It started in April with a rash of deals between Argentina and Russia during President Cristina Kirchner’s visit to Moscow.
And it continues with a $53 billion investment bang as Chinese Premier Li Keqiang visits Brazil during the first stop of yet another South American commercial offensive – complete with a sweet metaphor: Li riding on a made in China subway train that will ply a new metro line in Rio de Janeiro ahead of the 2016 Olympics.
Where is the US in all this? Nowhere; little by little, yet inexorably, BRICS members China – and in a smaller measure, Russia – have been no less than restructuring commerce and infrastructure all across Latin America.
Countless Chinese commercial missions have been plying these shores non-stop, much as the US did between World War I and II. In a key meeting in January with Latin American business leaders, President Xi Jinping promised to channel $250 billion for infrastructure projects in the next 10 years.

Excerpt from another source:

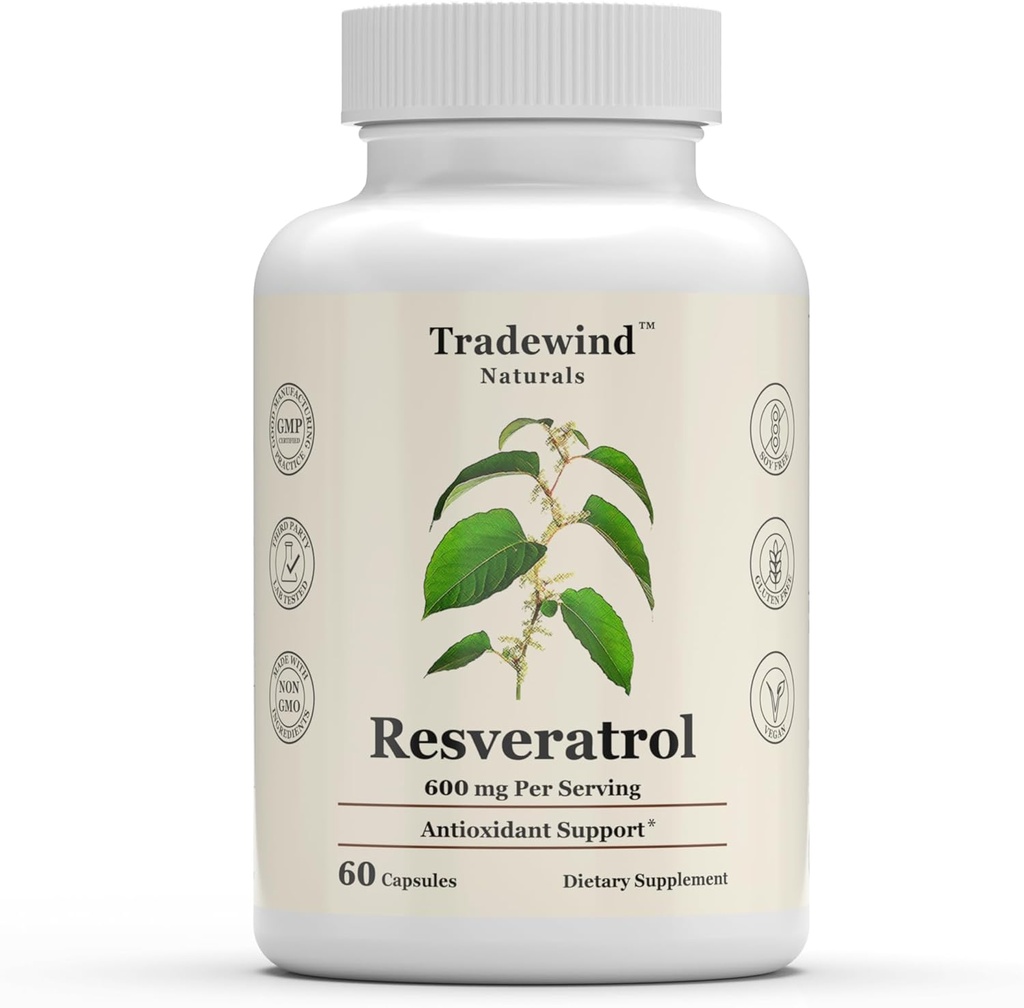 Resveratrol 600mg - ビーガン - 非GMO - 健康的な老化と心血管の健康をサポート - 抗酸化剤で豊富 - 60野菜カプセル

Top infrastructure projects in Latin America are all being financed by Chinese capital – except the Mariel port in Cuba, whose financing comes from Brazil’s BNDES and whose operation will be managed by Singaporean port operator PSA International Pte Ltd. Construction of the Nicaragua canal – bigger, wider and deeper than Panama’s – started last year by a Hong Kong firm, to be finished by 2019. Argentina, for its part, clinched a $4.7 billion Chinese deal for the construction of two hydroelectric dams in Patagonia.